Now comes the important part. What if the rate of the spring is 2500 lb/in? We have a totally different situation. This is because the deflection needed is now

**f = 20 lb / 2500 lb/in**

This equates to 0.008′”! The load tolerance is likely not achievable with standard methods and Engineering will need to speak with the customer’s Engineering to explain and get some input.

Now, for those who know exactly how much distance/movement 0.008″ represents, this principle is already in your bag of tricks. But many times, engineers must talk with nonengineering counterparts such as salespeople or buyers who do not have the math background to understand these concepts. It’s not their bailiwick—they are involved with a different math base.
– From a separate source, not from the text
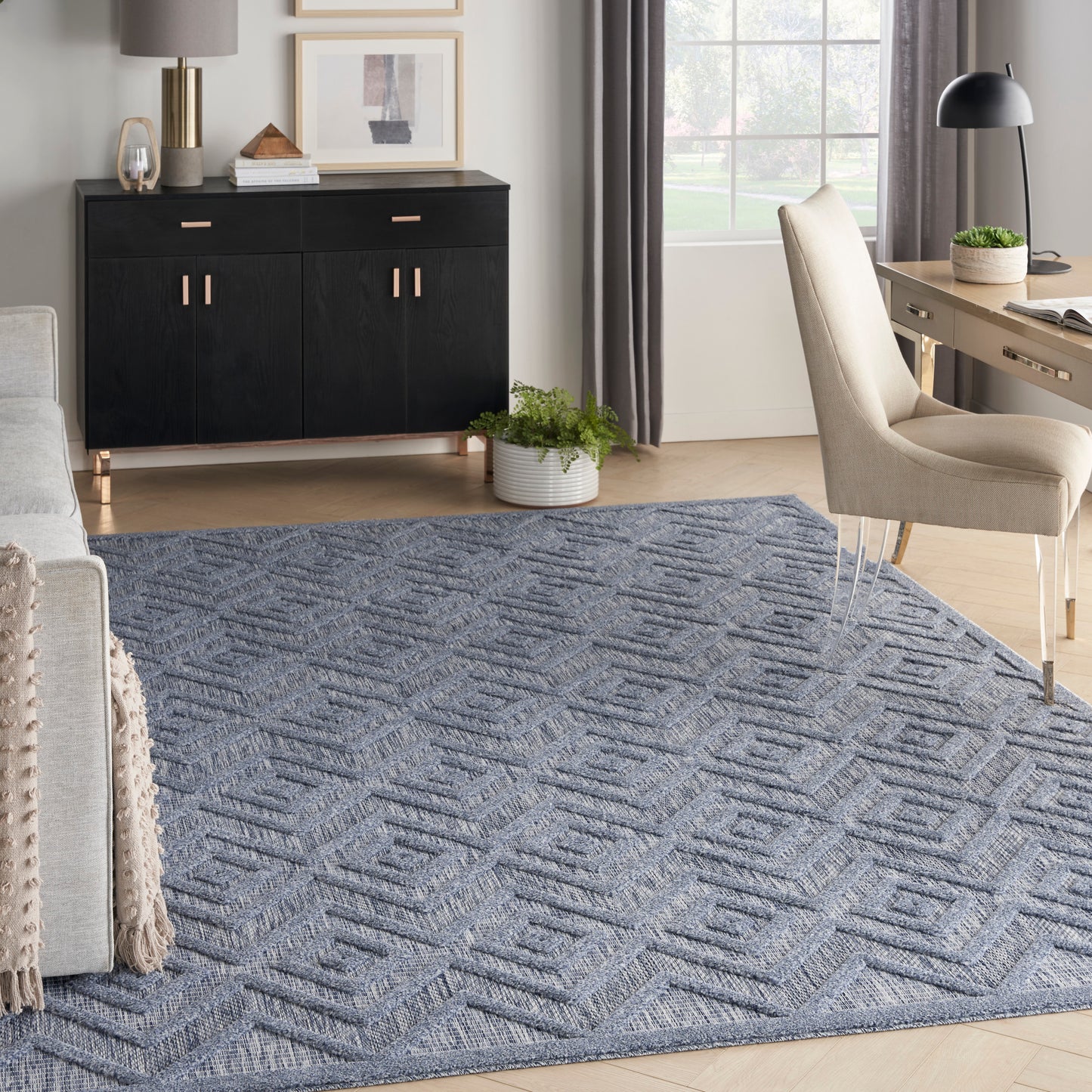 Nourison Versatile 9' x 12' Denim Blue Modern Rug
I find it very important to be able to communicate concepts to those involved. So, if I were to tell the voice on the other end of the phone that the load tolerance is ±0.008″ and their reply is “I don’t know what that means,” I have an out.

My go-to response is to explain that a standard sheet of paper is 0.004” thick. This is something that nearly anyone in any field can understand. If I tell them that this distance is the same as the thickness of two sheets of standard paper, it provides them with a measure that they can understand quickly and plainly.

It works for me.

It is very important to be capable of explaining to others the importance of tolerances and why some tolerances are reasonable and some are not. When tolerances are too small, it becomes a processing issue.

Once this is understood, a sincere effort can be made to see whether the tolerance is a true requirement or if it was assigned at some point in time with standards and practices that do not apply to spring tolerancing and conventions.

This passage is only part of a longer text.